Records shown:
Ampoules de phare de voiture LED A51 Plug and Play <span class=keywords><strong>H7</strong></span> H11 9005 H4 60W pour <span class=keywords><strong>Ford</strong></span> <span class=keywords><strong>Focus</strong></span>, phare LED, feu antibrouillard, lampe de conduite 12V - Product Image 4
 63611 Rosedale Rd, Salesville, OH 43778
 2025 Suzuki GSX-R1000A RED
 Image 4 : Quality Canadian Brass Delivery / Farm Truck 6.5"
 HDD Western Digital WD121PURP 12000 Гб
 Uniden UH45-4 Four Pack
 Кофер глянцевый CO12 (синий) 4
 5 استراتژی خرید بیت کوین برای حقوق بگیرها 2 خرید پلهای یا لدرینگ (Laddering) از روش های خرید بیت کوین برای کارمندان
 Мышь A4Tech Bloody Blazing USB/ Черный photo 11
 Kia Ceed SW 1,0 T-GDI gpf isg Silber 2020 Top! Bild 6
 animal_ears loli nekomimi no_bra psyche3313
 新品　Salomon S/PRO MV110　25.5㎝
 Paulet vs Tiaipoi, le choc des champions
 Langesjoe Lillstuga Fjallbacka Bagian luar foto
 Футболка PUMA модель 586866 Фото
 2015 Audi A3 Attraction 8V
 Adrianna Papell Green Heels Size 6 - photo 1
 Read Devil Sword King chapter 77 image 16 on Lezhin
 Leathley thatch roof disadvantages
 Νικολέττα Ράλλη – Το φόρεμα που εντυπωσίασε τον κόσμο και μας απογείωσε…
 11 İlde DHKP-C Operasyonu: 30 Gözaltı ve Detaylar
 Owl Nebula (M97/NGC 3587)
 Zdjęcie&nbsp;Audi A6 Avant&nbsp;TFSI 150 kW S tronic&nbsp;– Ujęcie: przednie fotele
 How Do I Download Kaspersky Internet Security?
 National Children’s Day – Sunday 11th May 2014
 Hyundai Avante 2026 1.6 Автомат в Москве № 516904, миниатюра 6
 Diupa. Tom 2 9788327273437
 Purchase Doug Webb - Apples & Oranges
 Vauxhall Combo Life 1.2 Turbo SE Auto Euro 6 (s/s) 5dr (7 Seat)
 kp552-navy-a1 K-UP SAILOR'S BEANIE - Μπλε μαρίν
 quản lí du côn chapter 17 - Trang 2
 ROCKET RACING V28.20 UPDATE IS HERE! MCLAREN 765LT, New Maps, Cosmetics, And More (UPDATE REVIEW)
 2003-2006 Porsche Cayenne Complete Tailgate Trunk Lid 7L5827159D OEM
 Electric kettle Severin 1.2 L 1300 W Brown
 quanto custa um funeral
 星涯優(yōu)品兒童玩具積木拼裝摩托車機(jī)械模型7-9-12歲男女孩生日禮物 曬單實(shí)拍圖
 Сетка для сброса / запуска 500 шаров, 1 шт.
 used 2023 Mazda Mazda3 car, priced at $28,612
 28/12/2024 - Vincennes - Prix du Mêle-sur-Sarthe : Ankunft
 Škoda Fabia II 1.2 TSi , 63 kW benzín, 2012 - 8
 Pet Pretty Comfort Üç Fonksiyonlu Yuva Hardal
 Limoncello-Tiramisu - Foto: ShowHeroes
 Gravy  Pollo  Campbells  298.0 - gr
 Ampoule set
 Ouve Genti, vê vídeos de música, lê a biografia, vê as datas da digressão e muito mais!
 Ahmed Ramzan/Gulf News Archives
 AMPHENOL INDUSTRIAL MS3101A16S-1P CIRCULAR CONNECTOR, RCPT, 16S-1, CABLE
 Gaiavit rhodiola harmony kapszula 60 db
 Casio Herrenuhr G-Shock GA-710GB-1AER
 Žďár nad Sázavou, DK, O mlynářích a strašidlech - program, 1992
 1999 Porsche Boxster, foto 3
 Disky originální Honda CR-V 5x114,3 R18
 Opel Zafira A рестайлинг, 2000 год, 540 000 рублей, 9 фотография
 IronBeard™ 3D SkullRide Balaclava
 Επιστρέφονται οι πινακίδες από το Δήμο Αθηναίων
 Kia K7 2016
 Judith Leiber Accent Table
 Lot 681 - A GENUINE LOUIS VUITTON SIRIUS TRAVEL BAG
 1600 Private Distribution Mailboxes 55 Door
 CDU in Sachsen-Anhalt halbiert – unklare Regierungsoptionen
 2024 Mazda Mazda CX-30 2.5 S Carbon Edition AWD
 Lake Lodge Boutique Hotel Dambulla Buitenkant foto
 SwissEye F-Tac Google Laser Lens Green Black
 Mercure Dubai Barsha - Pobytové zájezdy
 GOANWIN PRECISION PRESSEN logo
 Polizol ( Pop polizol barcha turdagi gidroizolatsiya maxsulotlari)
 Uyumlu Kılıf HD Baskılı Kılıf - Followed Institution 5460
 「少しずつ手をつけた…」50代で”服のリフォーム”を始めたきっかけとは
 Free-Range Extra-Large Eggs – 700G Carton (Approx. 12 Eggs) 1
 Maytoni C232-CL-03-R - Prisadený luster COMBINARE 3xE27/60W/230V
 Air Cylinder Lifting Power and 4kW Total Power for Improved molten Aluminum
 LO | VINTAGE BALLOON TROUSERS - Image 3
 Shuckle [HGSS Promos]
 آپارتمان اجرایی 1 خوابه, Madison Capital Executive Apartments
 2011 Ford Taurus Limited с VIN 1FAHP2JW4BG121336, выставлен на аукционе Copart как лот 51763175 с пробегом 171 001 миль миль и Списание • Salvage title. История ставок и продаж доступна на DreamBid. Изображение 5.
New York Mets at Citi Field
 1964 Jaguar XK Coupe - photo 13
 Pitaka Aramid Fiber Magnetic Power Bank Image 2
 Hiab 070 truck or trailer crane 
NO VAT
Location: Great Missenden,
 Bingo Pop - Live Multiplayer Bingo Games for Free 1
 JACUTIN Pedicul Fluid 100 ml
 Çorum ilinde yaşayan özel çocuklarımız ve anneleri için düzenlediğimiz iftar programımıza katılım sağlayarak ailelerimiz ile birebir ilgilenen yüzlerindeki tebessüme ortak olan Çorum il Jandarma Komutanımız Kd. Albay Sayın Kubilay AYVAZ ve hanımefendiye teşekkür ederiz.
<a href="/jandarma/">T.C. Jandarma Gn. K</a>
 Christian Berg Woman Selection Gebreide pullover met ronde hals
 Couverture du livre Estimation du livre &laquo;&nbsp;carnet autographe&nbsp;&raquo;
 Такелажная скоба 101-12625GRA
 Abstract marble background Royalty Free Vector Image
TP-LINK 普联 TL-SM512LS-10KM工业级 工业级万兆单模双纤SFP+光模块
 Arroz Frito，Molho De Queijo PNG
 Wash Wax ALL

What is needed: Every record should be given again exactly.

Exercise result:
Ampoules de phare de voiture LED A51 Plug and Play <span class=keywords><strong>H7</strong></span> H11 9005 H4 60W pour <span class=keywords><strong>Ford</strong></span> <span class=keywords><strong>Focus</strong></span>, phare LED, feu antibrouillard, lampe de conduite 12V - Product Image 4
 63611 Rosedale Rd, Salesville, OH 43778
 2025 Suzuki GSX-R1000A RED
 Image 4 : Quality Canadian Brass Delivery / Farm Truck 6.5"
 HDD Western Digital WD121PURP 12000 Гб
 Uniden UH45-4 Four Pack
 Кофер глянцевый CO12 (синий) 4
 5 استراتژی خرید بیت کوین برای حقوق بگیرها 2 خرید پلهای یا لدرینگ (Laddering) از روش های خرید بیت کوین برای کارمندان
 Мышь A4Tech Bloody Blazing USB/ Черный photo 11
 Kia Ceed SW 1,0 T-GDI gpf isg Silber 2020 Top! Bild 6
 animal_ears loli nekomimi no_bra psyche3313
 新品　Salomon S/PRO MV110　25.5㎝
 Paulet vs Tiaipoi, le choc des champions
 Langesjoe Lillstuga Fjallbacka Bagian luar foto
 Футболка PUMA модель 586866 Фото
 2015 Audi A3 Attraction 8V
 Adrianna Papell Green Heels Size 6 - photo 1
 Read Devil Sword King chapter 77 image 16 on Lezhin
 Leathley thatch roof disadvantages
 Νικολέττα Ράλλη – Το φόρεμα που εντυπωσίασε τον κόσμο και μας απογείωσε…
 11 İlde DHKP-C Operasyonu: 30 Gözaltı ve Detaylar
 Owl Nebula (M97/NGC 3587)
 Zdjęcie&nbsp;Audi A6 Avant&nbsp;TFSI 150 kW S tronic&nbsp;– Ujęcie: przednie fotele
 How Do I Download Kaspersky Internet Security?
 National Children’s Day – Sunday 11th May 2014
 Hyundai Avante 2026 1.6 Автомат в Москве № 516904, миниатюра 6
 Diupa. Tom 2 9788327273437
 Purchase Doug Webb - Apples & Oranges
 Vauxhall Combo Life 1.2 Turbo SE Auto Euro 6 (s/s) 5dr (7 Seat)
 kp552-navy-a1 K-UP SAILOR'S BEANIE - Μπλε μαρίν
 quản lí du côn chapter 17 - Trang 2
 ROCKET RACING V28.20 UPDATE IS HERE! MCLAREN 765LT, New Maps, Cosmetics, And More (UPDATE REVIEW)
 2003-2006 Porsche Cayenne Complete Tailgate Trunk Lid 7L5827159D OEM
 Electric kettle Severin 1.2 L 1300 W Brown
 quanto custa um funeral
 星涯優(yōu)品兒童玩具積木拼裝摩托車機(jī)械模型7-9-12歲男女孩生日禮物 曬單實(shí)拍圖
 Сетка для сброса / запуска 500 шаров, 1 шт.
 used 2023 Mazda Mazda3 car, priced at $28,612
 28/12/2024 - Vincennes - Prix du Mêle-sur-Sarthe : Ankunft
 Škoda Fabia II 1.2 TSi , 63 kW benzín, 2012 - 8
 Pet Pretty Comfort Üç Fonksiyonlu Yuva Hardal
 Limoncello-Tiramisu - Foto: ShowHeroes
 Gravy  Pollo  Campbells  298.0 - gr
 Ampoule set
 Ouve Genti, vê vídeos de música, lê a biografia, vê as datas da digressão e muito mais!
 Ahmed Ramzan/Gulf News Archives
 AMPHENOL INDUSTRIAL MS3101A16S-1P CIRCULAR CONNECTOR, RCPT, 16S-1, CABLE
 Gaiavit rhodiola harmony kapszula 60 db
 Casio Herrenuhr G-Shock GA-710GB-1AER
 Žďár nad Sázavou, DK, O mlynářích a strašidlech - program, 1992
 1999 Porsche Boxster, foto 3
 Disky originální Honda CR-V 5x114,3 R18
 Opel Zafira A рестайлинг, 2000 год, 540 000 рублей, 9 фотография
 IronBeard™ 3D SkullRide Balaclava
 Επιστρέφονται οι πινακίδες από το Δήμο Αθηναίων
 Kia K7 2016
 Judith Leiber Accent Table
 Lot 681 - A GENUINE LOUIS VUITTON SIRIUS TRAVEL BAG
 1600 Private Distribution Mailboxes 55 Door
 CDU in Sachsen-Anhalt halbiert – unklare Regierungsoptionen
 2024 Mazda Mazda CX-30 2.5 S Carbon Edition AWD
 Lake Lodge Boutique Hotel Dambulla Buitenkant foto
 SwissEye F-Tac Google Laser Lens Green Black
 Mercure Dubai Barsha - Pobytové zájezdy
 GOANWIN PRECISION PRESSEN logo
 Polizol ( Pop polizol barcha turdagi gidroizolatsiya maxsulotlari)
 Uyumlu Kılıf HD Baskılı Kılıf - Followed Institution 5460
 「少しずつ手をつけた…」50代で”服のリフォーム”を始めたきっかけとは
 Free-Range Extra-Large Eggs – 700G Carton (Approx. 12 Eggs) 1
 Maytoni C232-CL-03-R - Prisadený luster COMBINARE 3xE27/60W/230V
 Air Cylinder Lifting Power and 4kW Total Power for Improved molten Aluminum
 LO | VINTAGE BALLOON TROUSERS - Image 3
 Shuckle [HGSS Promos]
 آپارتمان اجرایی 1 خوابه, Madison Capital Executive Apartments
 2011 Ford Taurus Limited с VIN 1FAHP2JW4BG121336, выставлен на аукционе Copart как лот 51763175 с пробегом 171 001 миль миль и Списание • Salvage title. История ставок и продаж доступна на DreamBid. Изображение 5.
New York Mets at Citi Field
 1964 Jaguar XK Coupe - photo 13
 Pitaka Aramid Fiber Magnetic Power Bank Image 2
 Hiab 070 truck or trailer crane 
NO VAT
Location: Great Missenden,
 Bingo Pop - Live Multiplayer Bingo Games for Free 1
 JACUTIN Pedicul Fluid 100 ml
 Çorum ilinde yaşayan özel çocuklarımız ve anneleri için düzenlediğimiz iftar programımıza katılım sağlayarak ailelerimiz ile birebir ilgilenen yüzlerindeki tebessüme ortak olan Çorum il Jandarma Komutanımız Kd. Albay Sayın Kubilay AYVAZ ve hanımefendiye teşekkür ederiz.
<a href="/jandarma/">T.C. Jandarma Gn. K</a>
 Christian Berg Woman Selection Gebreide pullover met ronde hals
 Couverture du livre Estimation du livre &laquo;&nbsp;carnet autographe&nbsp;&raquo;
 Такелажная скоба 101-12625GRA
 Abstract marble background Royalty Free Vector Image
TP-LINK 普联 TL-SM512LS-10KM工业级 工业级万兆单模双纤SFP+光模块
 Arroz Frito，Molho De Queijo PNG
 Wash Wax ALL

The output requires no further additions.